Thirty-six men survived. Out of a crew of 1,968 aboard the German battleship Scharnhorst, only 36 were pulled from the frigid waters of the Norwegian Sea on the evening of December 26, 1943 -- thirty by the destroyer Scorpion, six by Matchless. Neither the ship's captain, Fritz Hintze, nor the task force commander, Rear Admiral Erich Bey, was among them, though both were reportedly seen in the water after the ship went down. Scharnhorst sank with her propellers still turning, the last German capital ship to fight a pitched battle against the Royal Navy.

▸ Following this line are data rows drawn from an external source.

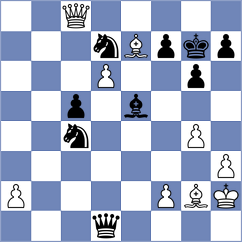 Yevchenko - Eid (chess.com INT, 2024)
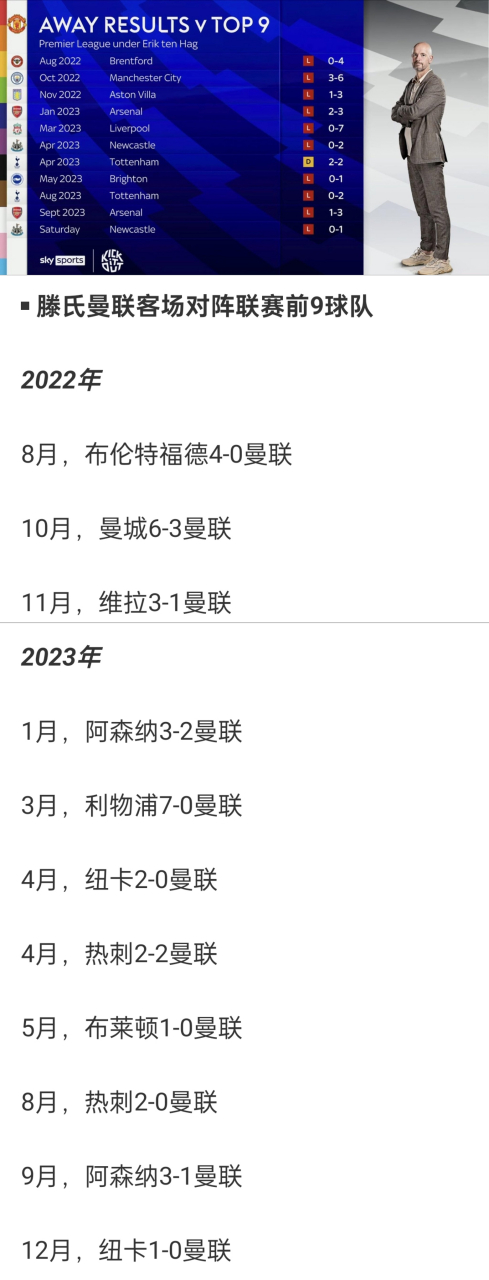 关于曼联客场失利，英超联赛排名下滑局势严峻的信息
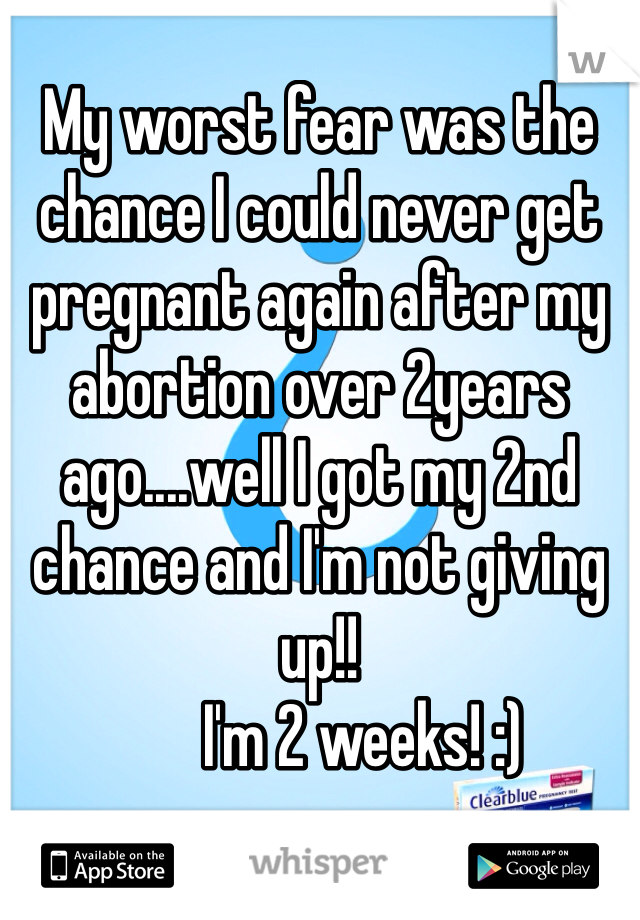 My worst fear was the chance I could never get pregnant again after my abortion over 2years ago....well I got my 2nd chance and I'm not giving up!! 
       I'm 2 weeks! :)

Scharnhorst was laid down at the Kriegsmarinewerft dockyard in Wilhelmshaven on June 15, 1935, and launched on October 3, 1936. Completed in January 1939, she was classified alternately as a battleship and a battlecruiser -- a distinction that reflected the compromises in her design. Her main battery consisted of nine 28-centimeter guns in three triple turrets, lighter than the 38-centimeter guns originally planned but never installed. What she lacked in firepower she compensated for in speed, capable of over 31 knots, making her one of the fastest capital ships afloat. Paired with her sister ship Gneisenau, Scharnhorst formed a fast, aggressive striking force that could outrun what it could not outfight, and outfight most of what it could not outrun.
Scharnhorst's war began in November 1939, when she sank the armed merchant cruiser Rawalpindi in a brief, violent engagement. The following spring, during Operation Weserubung -- the invasion of Norway -- Scharnhorst and Gneisenau engaged the British battlecruiser Renown and later sank the aircraft carrier Glorious along with her escort destroyers Acasta and Ardent. In that fight, Scharnhorst achieved one of the longest-range naval gunfire hits in history. Operation Berlin in early 1941 sent the pair raiding into the Atlantic, where they sank or captured 22 merchant vessels totaling over 115,000 tons. But by early 1942, both ships were bottled up in Brest, France, under relentless British bombing. The solution was audacious: Operation Cerberus, the Channel Dash of February 1942, in which Scharnhorst, Gneisenau, and the heavy cruiser Prinz Eugen steamed straight up the English Channel in daylight, reaching German ports despite frantic British air and naval attacks. It was a tactical triumph and a strategic humiliation for Britain.
By early 1943, Scharnhorst had been transferred to northern Norway, where her presence alone threatened the Allied convoys carrying supplies to the Soviet Union. On Christmas Day 1943, she sailed from Altenfjord under Rear Admiral Bey's command to intercept Convoy JW 55B. What Bey did not know was that the British had anticipated the sortie. Vice Admiral Bruce Fraser had positioned his battleship Duke of York and supporting forces precisely to trap Scharnhorst between the convoy's cruiser escort and his own heavy guns. Stormy weather grounded all Luftwaffe reconnaissance, and Bey, unable to locate the convoy, made the fateful decision to detach his five destroyers to widen the search. Scharnhorst was now alone. On the morning of December 26, Burnett's cruisers found her first, and an 8-inch shell destroyed her forward radar, leaving the battleship effectively blind in the Arctic darkness.
Scharnhorst's speed kept her alive through the morning and into the afternoon, but at 16:48, star shells from Belfast illuminated the German ship for Duke of York's gunners. The first salvo hit, disabling Scharnhorst's forward turrets. For the next three hours, she fought while running south, trading fire with Duke of York, cruisers Belfast and Norfolk, and a ring of destroyers. At 17:24, Bey signaled Germany: "Am surrounded by heavy units." At 18:20, a shell from Duke of York pierced her lower armor deck and destroyed a boiler room. Her speed collapsed. At 18:25, Bey sent his final message: "We will fight on until the last shell is fired." Torpedo attacks from destroyers Savage, Saumarez, Scorpion, and the Norwegian Stord sealed her fate. Scharnhorst capsized and sank at 19:45. Admiral Fraser, in tribute to his adversary, told his officers that evening: "I hope that if any of you are ever called upon to lead a ship into action against an opponent many times superior, you will command your ship as gallantly as Scharnhorst was commanded today."
Scharnhorst's wreck lies at approximately 72.16N, 28.41E in the Norwegian Sea, at a depth of about 290 meters. The area is open ocean with no land-based visual references. Nearest airport: Banak (ENNA), approximately 200 km to the south in Finnmark, Norway. The Battle of the North Cape occurred in this general area during winter darkness and heavy seas. Expect Arctic weather conditions and limited daylight in winter months.